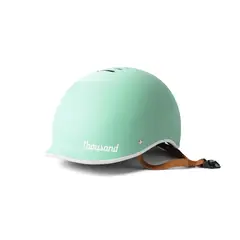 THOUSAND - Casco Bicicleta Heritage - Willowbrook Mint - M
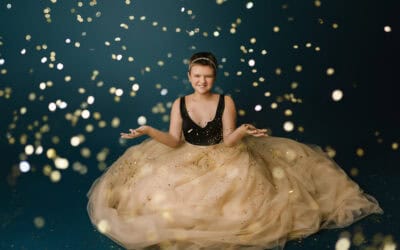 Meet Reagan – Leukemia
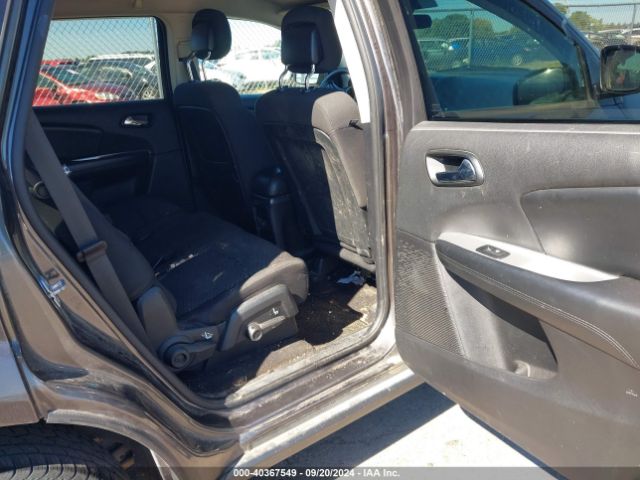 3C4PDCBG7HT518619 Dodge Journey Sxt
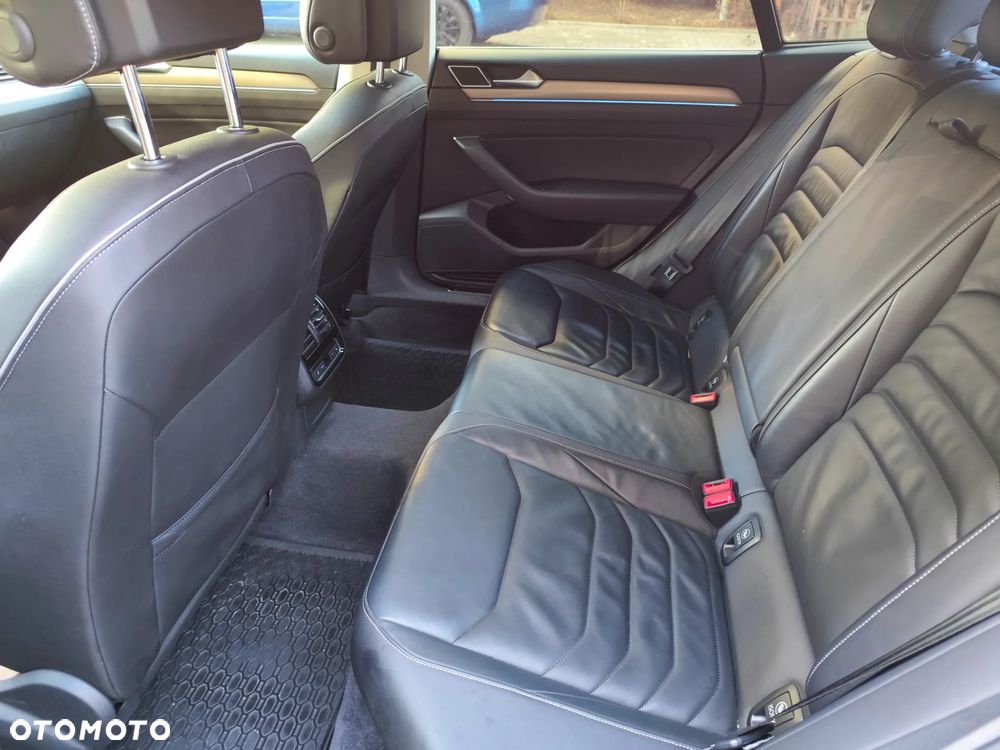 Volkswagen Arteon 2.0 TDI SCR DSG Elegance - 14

--

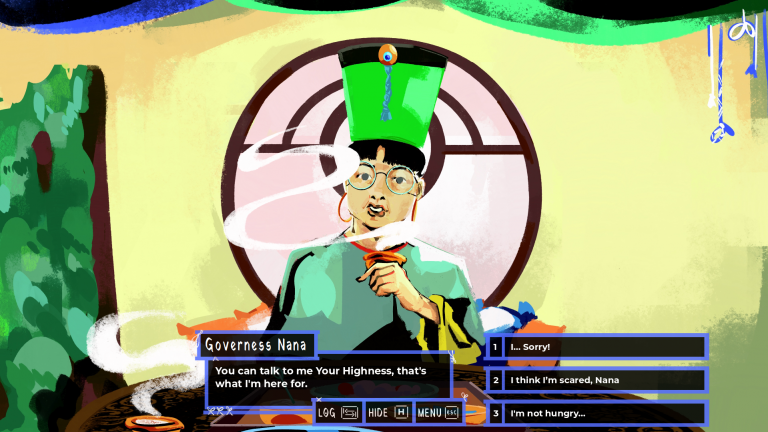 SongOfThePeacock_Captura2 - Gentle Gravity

**Problem description**
Leaving out each picture, repeat exactly the lines above from the one that contains "Meet Reagan – Leukemia" through the one that contains "Volkswagen Arteon 2.0".

**Answer space**
 Meet Reagan – Leukemia
 3C4PDCBG7HT518619 Dodge Journey Sxt
 Volkswagen Arteon 2.0 TDI SCR DSG Elegance - 14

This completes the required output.